Imported crude quantities recorded the same pattern – significant growth during 2004-2005 (+40.2% and +18.8% y/y respectively), and slight decrease over 2006-2008 (when imports decreased 0.1%, 1.7% and 1.3% y/y respectively).
The weight of imports has increased over the past years, reaching to 65.0% in 2008 (from 48.0% in 2003). The balance is domestically produced.
Romania’s crude reserves stands at some 70 mn tons and we computed around 760 mn boe reserves of natural gas at Dec 2007 (based on Petrom reporting and considering gas reserves equally split between Petrom and Romgaz – country’s key producers), with a life of around 15 and 10 years respectively.
Important to mention that Petrom’s reserves replacement rate stood at 71% in 2008 (from 38% at Dec 2007 and 13% in 2006) due to significant investments, meeting the management’s target of 70% two years earlier.
The domestic crude mostly represents sweet heavy crude, Petrom being the major Romanian producer.
Refining facilities
Romania has a total refining capacity of 23.5 MMT, in 10 facilities, the most important being Arpechim and Petrobrazi (Petrom OMV’s plants), Petromidia (owned by Rompetrol) and Petrotel-Lukoil. Except Rompetrol Vega (re-oriented to produce solvents), all other ones are in a poor financial situation, with unclear shareholding structure or in liquidation.
In 2008 Romania’s refineries processed some 13 MMT of crude, resulting an utilisation rate of Romania’s total nameplate capacity of around 50%.
Petrom processes both imported and domestic crude, and Rompetrol and Lukoil – only imported crude.

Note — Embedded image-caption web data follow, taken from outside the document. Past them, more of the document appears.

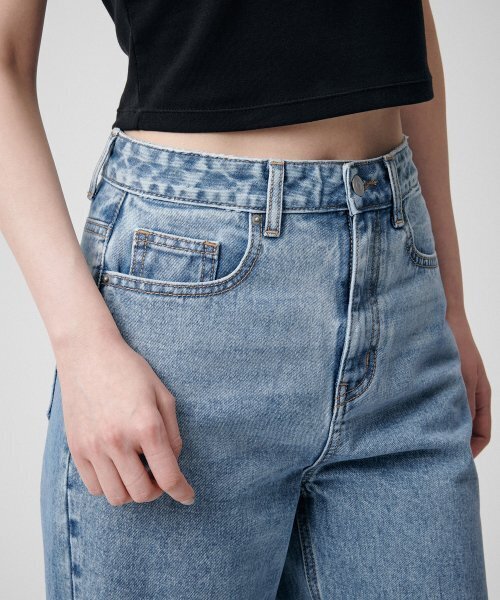 MUSINSA STANDARD WOMAN（ムシンサスタンダードウーマン）の「ウィメンズストレートクロップデニムパンツ[ライトインディゴ]（デニムパンツ・レディース・その他・24/25/26/27）」の4枚目の写真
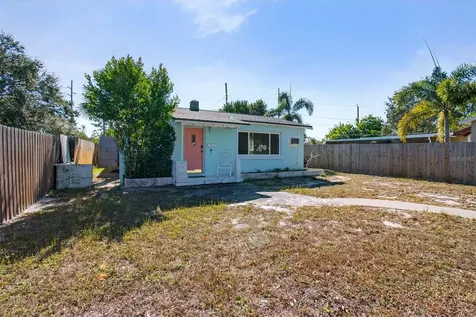6372 4th Avenue S St Petersburg FL 33707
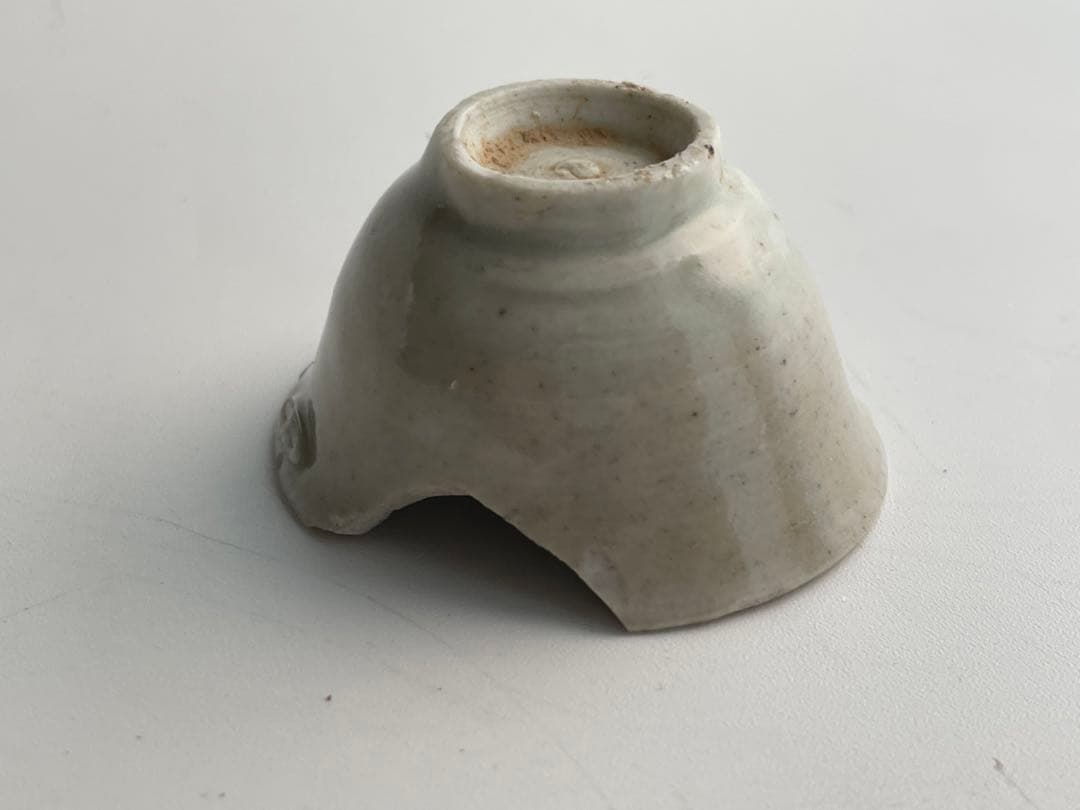 骨董　アンティーク　初期伊万里　白磁盃　杯　酒器　酒杯　猪口　残欠　出土　発掘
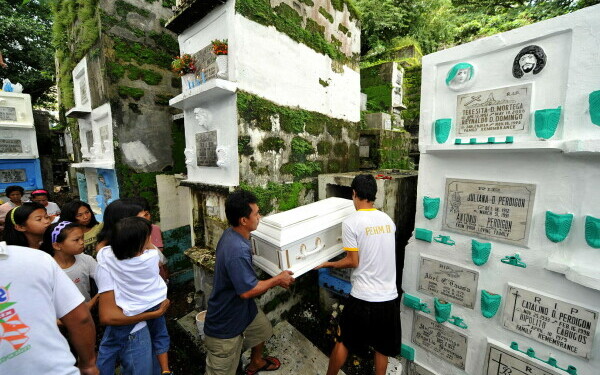 oameni in cimitir filipine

Oil-refined products delivery
Over the first 11 months of 2008, the domestic market absorbed a total of 9.05 mn tons of oil refined products (vs 9.08 mn tons over the full-year 2007), so consumption recorded an increase in 2008 vs a year before.
Of these, 13.1 mn tons were produced in Romania, 1.5 mn tons were imported and 4.7 mn tons were exported. The balance represents own consumption and stock variances.